**Instructions for the task**
Leave out the pictures, and retype the remaining data exactly.
====== Data shown
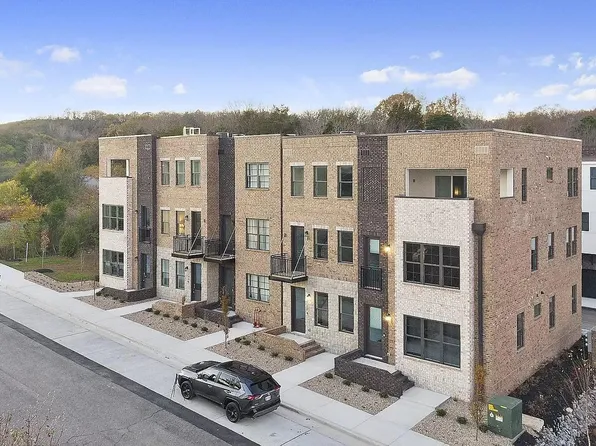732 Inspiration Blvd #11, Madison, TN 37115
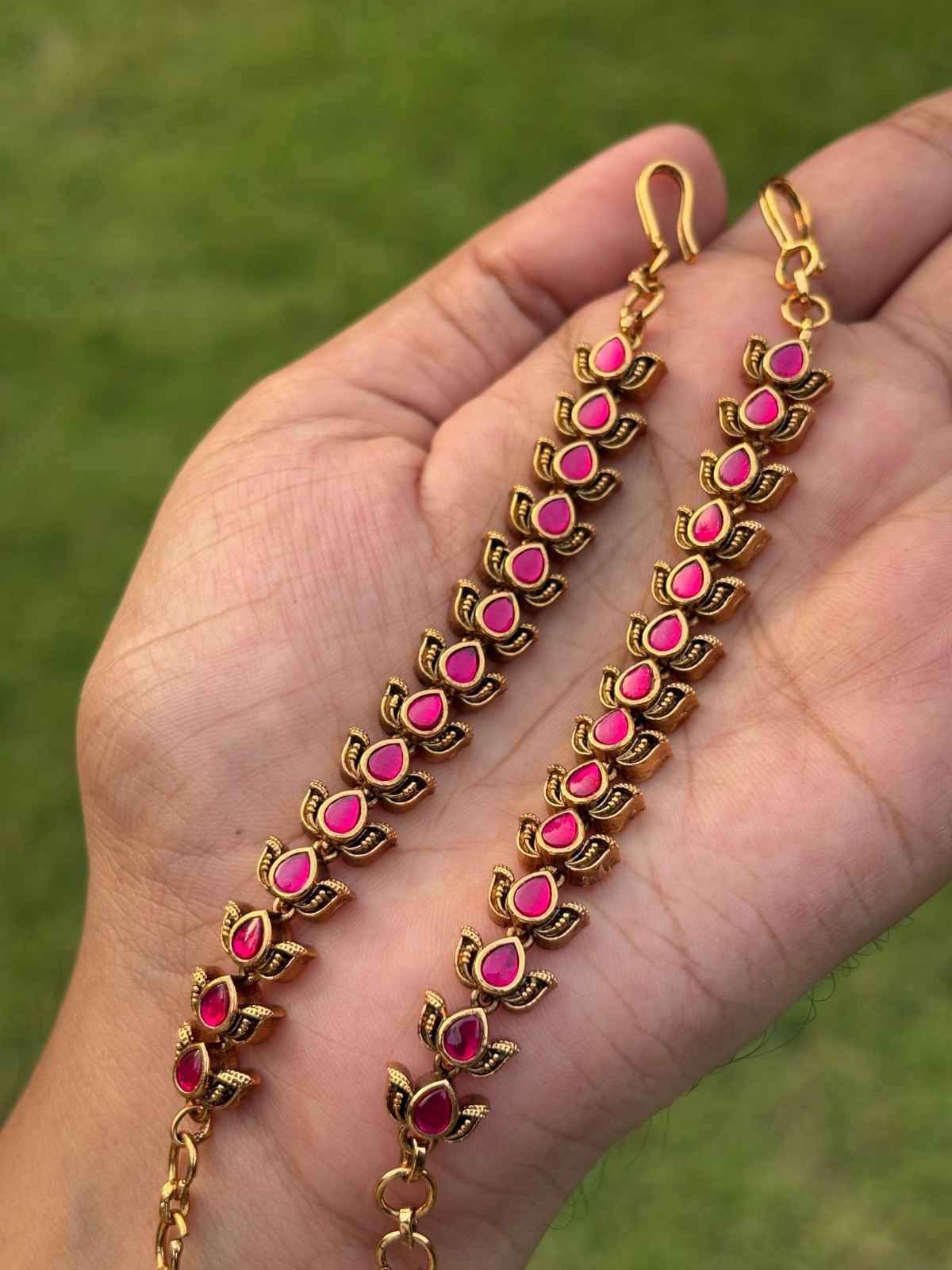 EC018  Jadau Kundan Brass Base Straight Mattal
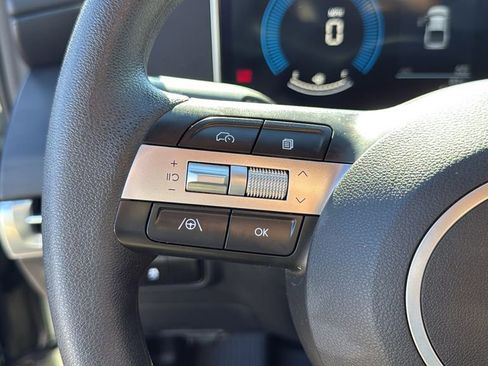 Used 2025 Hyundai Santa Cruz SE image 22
============
**Solution**
732 Inspiration Blvd #11, Madison, TN 37115
 EC018  Jadau Kundan Brass Base Straight Mattal
 Used 2025 Hyundai Santa Cruz SE image 22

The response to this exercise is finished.